# EXERCISE DATA
──────────
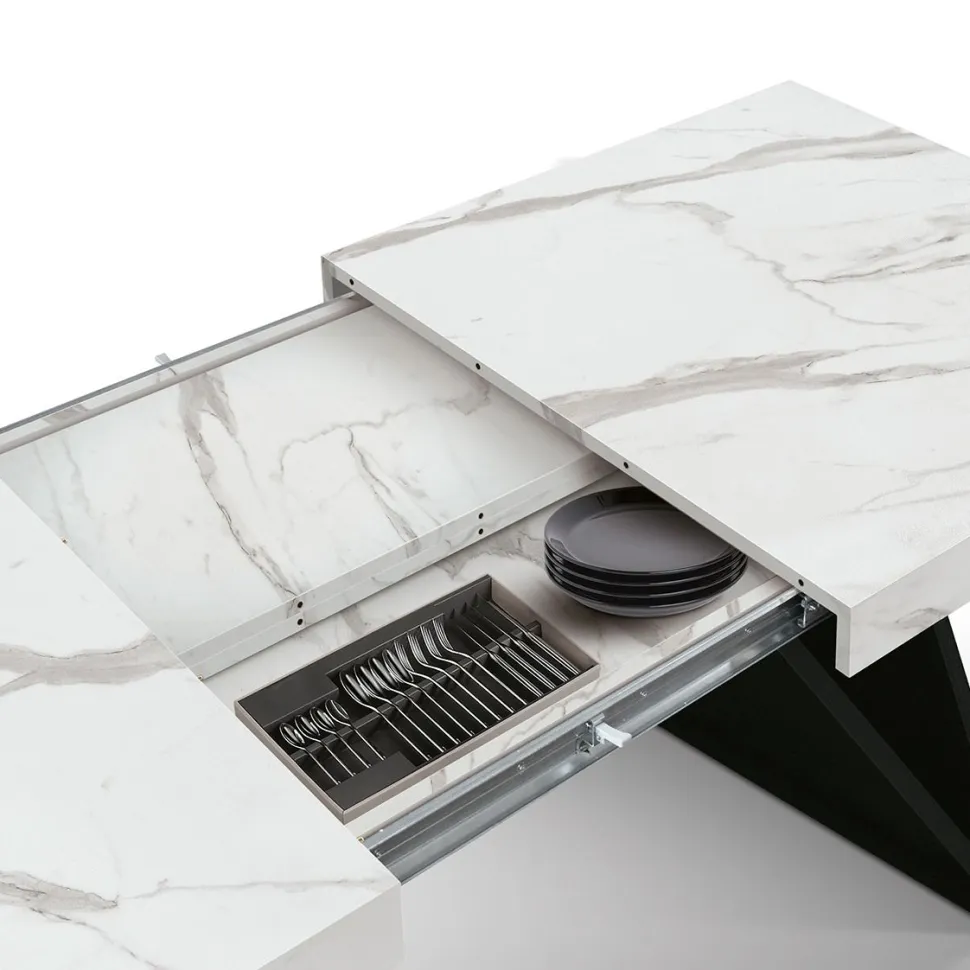 Tavolo allungabile da 160 a 240 cm con base Nera e Piano in nobilitato effetto Marmo Bianco Statuario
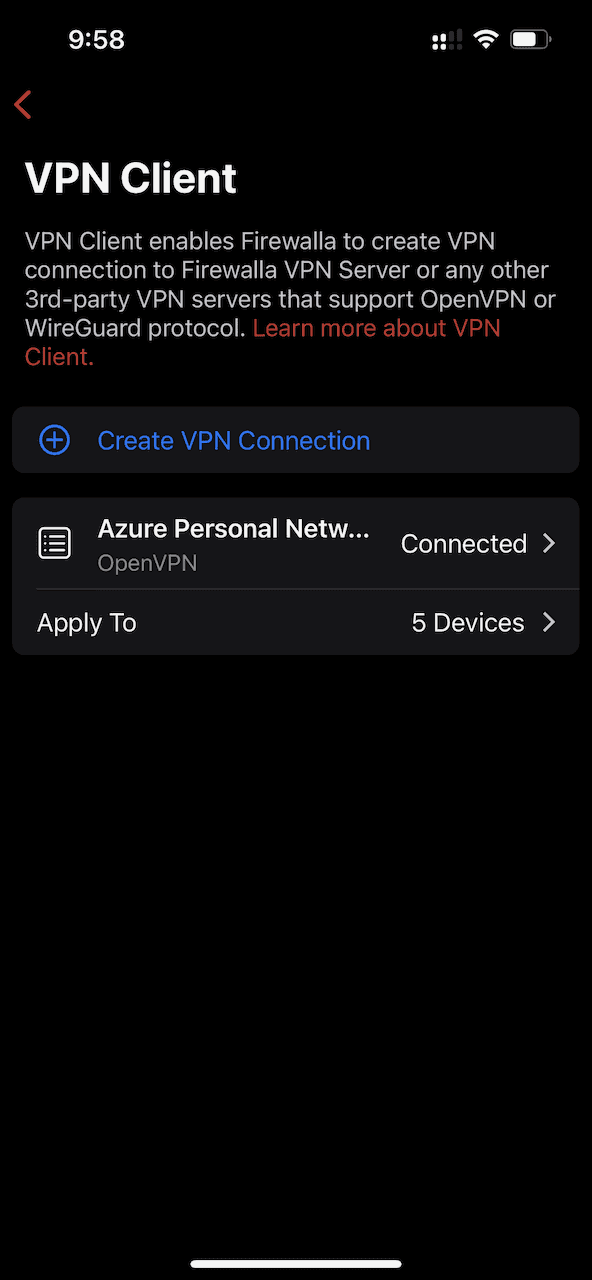 VPN Client Screen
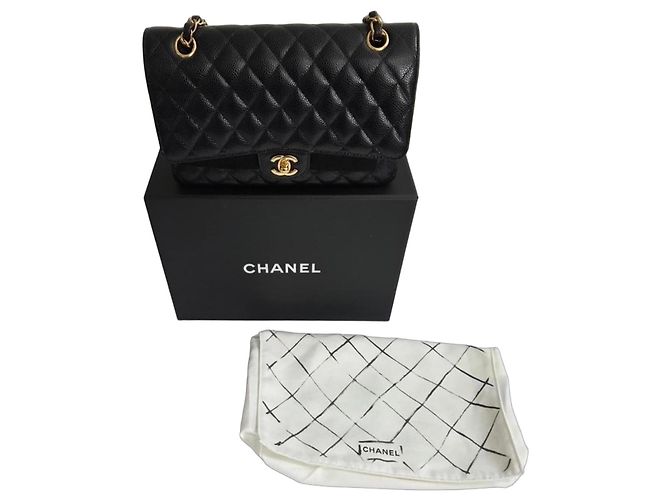 Timeless Chanel Classic Flap Medium Borsa Pelle Caviar Nera Nero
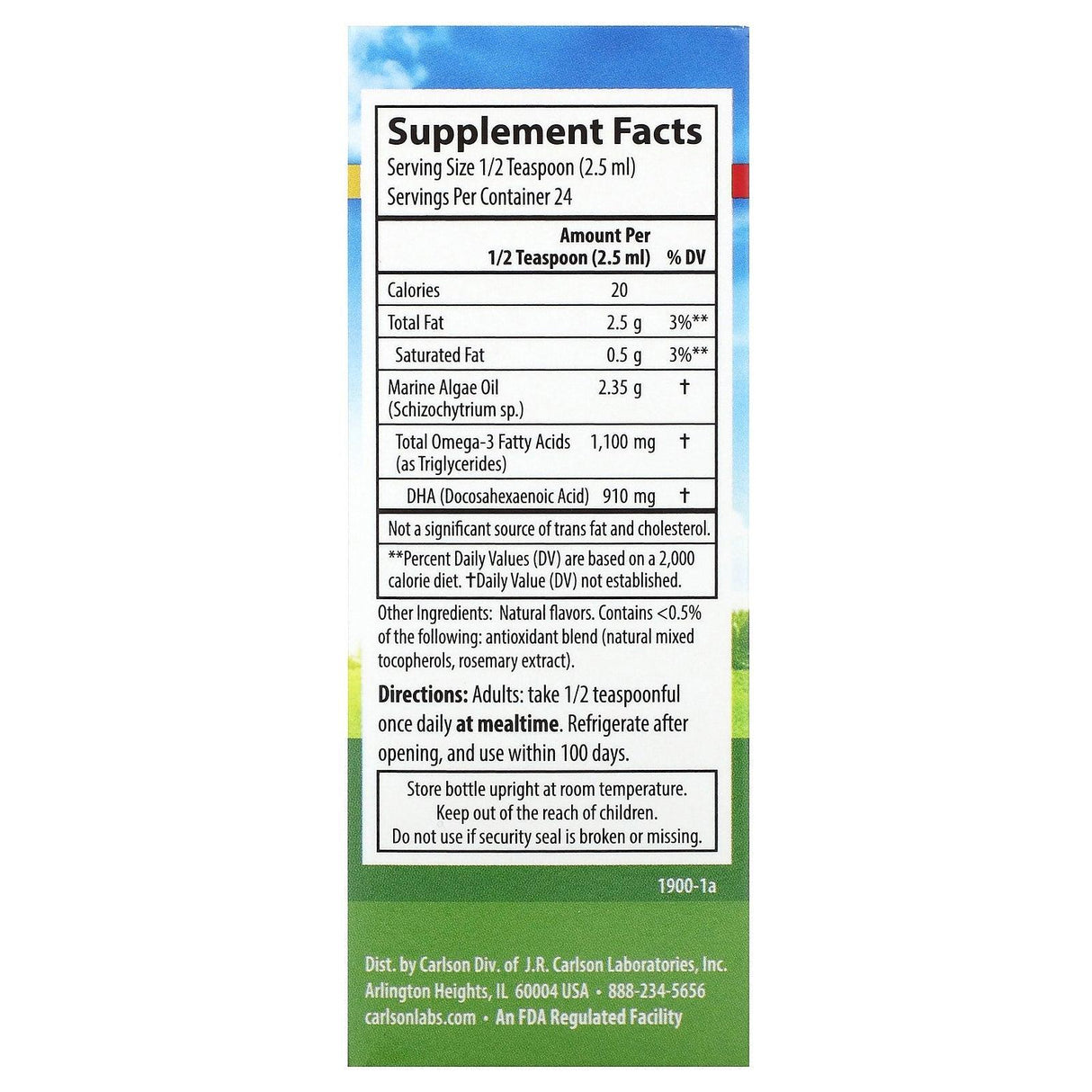 Carlson, Vegetarian DHA, Natural Lemon, 910 mg , 2 fl oz (60 ml) - Supply Center USA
──────────
# WORK REQUIRED
Reproduce the listing above exactly, but skip the pictures.

# SOLUTION
 Tavolo allungabile da 160 a 240 cm con base Nera e Piano in nobilitato effetto Marmo Bianco Statuario
 VPN Client Screen
 Timeless Chanel Classic Flap Medium Borsa Pelle Caviar Nera Nero
 Carlson, Vegetarian DHA, Natural Lemon, 910 mg , 2 fl oz (60 ml) - Supply Center USA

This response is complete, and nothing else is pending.